**Exercise directions:** Please copy every line with the string "Golden" from the entries below.

**Exercise inputs:**
--- START ---

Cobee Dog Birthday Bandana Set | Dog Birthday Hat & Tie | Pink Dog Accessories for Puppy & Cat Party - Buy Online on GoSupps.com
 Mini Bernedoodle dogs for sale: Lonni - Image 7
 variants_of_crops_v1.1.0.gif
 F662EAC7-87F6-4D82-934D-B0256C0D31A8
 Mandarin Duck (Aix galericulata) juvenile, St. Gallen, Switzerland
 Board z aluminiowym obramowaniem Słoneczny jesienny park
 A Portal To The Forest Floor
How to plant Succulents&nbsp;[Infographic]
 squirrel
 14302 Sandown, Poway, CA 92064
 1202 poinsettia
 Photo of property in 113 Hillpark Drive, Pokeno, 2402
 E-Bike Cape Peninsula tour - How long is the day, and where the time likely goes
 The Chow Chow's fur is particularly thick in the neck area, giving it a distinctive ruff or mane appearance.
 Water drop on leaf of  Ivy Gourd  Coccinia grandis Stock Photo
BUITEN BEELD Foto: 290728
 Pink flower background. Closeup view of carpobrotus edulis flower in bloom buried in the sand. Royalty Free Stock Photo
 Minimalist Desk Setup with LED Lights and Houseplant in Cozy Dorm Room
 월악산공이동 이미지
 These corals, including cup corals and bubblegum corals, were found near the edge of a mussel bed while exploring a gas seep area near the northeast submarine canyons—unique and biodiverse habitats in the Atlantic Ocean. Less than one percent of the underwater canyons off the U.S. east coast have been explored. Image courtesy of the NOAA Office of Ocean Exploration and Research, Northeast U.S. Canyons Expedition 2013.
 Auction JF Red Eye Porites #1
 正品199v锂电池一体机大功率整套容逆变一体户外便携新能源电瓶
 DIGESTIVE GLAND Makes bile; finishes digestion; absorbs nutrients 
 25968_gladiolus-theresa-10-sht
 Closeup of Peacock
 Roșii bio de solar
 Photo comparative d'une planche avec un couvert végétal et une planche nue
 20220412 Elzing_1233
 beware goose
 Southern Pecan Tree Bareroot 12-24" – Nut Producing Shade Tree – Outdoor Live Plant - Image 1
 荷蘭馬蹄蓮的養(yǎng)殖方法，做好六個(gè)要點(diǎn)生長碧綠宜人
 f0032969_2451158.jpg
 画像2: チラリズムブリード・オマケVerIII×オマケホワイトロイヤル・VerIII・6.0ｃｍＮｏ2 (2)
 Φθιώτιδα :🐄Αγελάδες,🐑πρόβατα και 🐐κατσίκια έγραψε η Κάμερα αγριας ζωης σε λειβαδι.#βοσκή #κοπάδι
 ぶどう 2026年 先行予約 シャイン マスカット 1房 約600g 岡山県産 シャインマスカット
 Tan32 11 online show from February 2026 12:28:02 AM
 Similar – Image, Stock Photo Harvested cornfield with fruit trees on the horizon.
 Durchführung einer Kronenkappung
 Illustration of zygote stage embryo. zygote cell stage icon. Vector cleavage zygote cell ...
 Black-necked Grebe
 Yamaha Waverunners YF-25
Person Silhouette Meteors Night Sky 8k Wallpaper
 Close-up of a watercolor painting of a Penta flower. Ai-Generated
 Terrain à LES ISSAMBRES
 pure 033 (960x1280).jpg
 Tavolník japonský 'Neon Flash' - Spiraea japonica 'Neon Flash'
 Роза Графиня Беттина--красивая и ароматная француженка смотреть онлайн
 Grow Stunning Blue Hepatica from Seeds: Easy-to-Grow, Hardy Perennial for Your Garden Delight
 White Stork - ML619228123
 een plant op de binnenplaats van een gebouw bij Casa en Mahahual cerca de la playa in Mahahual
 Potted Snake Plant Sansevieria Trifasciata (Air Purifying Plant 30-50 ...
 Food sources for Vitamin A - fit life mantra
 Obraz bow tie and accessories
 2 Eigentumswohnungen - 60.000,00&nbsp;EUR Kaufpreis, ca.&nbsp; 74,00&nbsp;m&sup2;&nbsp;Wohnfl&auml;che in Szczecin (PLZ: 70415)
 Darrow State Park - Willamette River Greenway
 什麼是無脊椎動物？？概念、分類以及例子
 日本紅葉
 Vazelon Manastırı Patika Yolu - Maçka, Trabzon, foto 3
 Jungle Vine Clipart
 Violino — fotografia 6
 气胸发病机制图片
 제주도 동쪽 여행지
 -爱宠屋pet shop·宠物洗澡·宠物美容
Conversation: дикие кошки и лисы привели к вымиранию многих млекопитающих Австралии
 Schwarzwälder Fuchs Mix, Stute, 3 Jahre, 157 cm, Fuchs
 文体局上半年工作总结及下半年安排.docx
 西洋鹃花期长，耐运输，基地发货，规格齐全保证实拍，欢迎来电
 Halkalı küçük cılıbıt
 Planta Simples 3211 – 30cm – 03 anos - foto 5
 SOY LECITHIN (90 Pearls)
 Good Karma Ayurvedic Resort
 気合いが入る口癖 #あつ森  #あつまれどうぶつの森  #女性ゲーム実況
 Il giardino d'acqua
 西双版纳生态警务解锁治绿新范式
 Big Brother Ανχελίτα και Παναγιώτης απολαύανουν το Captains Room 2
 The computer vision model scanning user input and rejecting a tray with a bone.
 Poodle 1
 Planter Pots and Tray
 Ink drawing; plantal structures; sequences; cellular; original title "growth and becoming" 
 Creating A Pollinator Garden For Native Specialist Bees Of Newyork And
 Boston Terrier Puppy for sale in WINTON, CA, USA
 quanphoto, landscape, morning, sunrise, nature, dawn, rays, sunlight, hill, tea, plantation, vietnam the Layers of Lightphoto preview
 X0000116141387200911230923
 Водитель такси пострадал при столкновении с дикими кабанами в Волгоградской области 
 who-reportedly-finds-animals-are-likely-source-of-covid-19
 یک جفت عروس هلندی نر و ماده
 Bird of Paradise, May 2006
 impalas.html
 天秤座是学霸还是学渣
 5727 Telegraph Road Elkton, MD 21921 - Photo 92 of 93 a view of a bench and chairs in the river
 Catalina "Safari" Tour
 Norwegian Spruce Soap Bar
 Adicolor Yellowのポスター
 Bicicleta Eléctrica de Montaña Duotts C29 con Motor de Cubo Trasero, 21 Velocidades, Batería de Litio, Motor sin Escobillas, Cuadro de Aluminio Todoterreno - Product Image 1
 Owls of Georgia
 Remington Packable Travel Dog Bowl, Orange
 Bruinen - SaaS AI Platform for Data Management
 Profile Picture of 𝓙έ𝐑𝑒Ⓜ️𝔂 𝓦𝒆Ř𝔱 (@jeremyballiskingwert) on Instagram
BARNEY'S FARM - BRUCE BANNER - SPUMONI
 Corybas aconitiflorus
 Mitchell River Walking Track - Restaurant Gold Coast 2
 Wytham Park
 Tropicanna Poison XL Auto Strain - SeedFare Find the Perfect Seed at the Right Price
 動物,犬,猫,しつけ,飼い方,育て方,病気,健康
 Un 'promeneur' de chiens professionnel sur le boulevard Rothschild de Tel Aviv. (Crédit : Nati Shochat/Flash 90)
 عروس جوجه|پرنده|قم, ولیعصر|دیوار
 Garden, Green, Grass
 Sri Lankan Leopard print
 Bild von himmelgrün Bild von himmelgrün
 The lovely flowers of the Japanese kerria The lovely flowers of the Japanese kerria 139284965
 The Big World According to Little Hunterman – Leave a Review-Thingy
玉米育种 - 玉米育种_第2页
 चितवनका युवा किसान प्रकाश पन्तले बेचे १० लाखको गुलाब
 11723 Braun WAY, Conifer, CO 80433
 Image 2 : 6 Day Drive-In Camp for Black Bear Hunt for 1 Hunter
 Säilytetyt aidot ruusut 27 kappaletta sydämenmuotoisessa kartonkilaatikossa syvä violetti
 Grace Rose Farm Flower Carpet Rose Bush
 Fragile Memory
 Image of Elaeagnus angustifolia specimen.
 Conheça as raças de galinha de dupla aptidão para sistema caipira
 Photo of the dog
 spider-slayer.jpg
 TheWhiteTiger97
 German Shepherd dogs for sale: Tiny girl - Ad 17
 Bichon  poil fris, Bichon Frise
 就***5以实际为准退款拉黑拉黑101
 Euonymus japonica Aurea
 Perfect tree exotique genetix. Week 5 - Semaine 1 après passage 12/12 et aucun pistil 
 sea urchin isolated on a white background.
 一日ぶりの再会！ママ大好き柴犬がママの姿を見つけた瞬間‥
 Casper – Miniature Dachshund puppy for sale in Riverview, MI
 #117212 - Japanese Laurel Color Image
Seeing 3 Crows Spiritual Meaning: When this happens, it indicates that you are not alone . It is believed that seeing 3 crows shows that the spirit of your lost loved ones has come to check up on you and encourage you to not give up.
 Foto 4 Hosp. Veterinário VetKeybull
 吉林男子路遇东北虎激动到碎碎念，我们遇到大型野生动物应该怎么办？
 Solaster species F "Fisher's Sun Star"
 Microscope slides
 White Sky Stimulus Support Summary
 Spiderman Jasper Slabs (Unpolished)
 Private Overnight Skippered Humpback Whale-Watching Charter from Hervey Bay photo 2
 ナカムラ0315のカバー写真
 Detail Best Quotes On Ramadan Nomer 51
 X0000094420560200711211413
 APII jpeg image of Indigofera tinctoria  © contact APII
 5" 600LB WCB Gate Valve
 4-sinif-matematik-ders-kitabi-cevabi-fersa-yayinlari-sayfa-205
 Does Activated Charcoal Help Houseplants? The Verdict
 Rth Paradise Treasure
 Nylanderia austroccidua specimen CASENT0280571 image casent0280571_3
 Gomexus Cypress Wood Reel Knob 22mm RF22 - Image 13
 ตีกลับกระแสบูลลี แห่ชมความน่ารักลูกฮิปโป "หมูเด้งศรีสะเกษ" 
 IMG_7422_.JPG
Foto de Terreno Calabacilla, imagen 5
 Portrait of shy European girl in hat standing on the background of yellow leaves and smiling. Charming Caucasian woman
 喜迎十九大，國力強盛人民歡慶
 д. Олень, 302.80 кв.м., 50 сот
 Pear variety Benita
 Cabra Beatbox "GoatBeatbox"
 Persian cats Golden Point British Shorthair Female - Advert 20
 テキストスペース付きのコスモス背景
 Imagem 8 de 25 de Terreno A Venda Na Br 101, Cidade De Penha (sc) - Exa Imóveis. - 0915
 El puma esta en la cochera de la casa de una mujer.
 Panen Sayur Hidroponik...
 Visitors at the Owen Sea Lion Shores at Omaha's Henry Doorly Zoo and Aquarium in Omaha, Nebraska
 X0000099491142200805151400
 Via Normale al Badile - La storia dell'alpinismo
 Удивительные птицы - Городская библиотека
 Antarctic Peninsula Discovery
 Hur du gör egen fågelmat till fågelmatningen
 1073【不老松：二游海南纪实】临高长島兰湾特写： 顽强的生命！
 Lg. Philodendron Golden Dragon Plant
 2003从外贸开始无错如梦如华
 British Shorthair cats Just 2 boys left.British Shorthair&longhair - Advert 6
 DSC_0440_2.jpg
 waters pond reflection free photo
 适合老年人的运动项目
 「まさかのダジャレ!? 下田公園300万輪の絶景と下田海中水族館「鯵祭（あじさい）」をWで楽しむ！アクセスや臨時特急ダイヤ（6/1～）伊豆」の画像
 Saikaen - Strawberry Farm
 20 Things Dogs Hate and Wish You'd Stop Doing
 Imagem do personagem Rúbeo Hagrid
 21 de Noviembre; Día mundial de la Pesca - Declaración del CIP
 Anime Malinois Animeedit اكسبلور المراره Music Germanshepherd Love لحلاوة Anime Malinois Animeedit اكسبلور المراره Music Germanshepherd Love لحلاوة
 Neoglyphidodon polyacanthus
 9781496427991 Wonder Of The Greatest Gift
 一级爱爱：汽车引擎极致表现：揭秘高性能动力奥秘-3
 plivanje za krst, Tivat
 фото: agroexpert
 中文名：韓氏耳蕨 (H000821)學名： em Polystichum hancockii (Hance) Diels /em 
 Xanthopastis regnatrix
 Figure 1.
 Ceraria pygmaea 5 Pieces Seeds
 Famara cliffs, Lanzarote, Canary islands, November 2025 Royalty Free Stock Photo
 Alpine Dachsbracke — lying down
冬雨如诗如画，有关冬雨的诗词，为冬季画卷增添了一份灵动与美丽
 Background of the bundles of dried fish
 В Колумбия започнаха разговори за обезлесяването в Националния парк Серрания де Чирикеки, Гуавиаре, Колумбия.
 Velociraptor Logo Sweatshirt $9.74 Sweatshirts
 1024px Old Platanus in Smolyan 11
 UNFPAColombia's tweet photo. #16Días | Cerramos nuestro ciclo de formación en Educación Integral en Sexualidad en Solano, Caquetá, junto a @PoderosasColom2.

--- END ---

**Exercise result:**
 Persian cats Golden Point British Shorthair Female - Advert 20
 Lg. Philodendron Golden Dragon Plant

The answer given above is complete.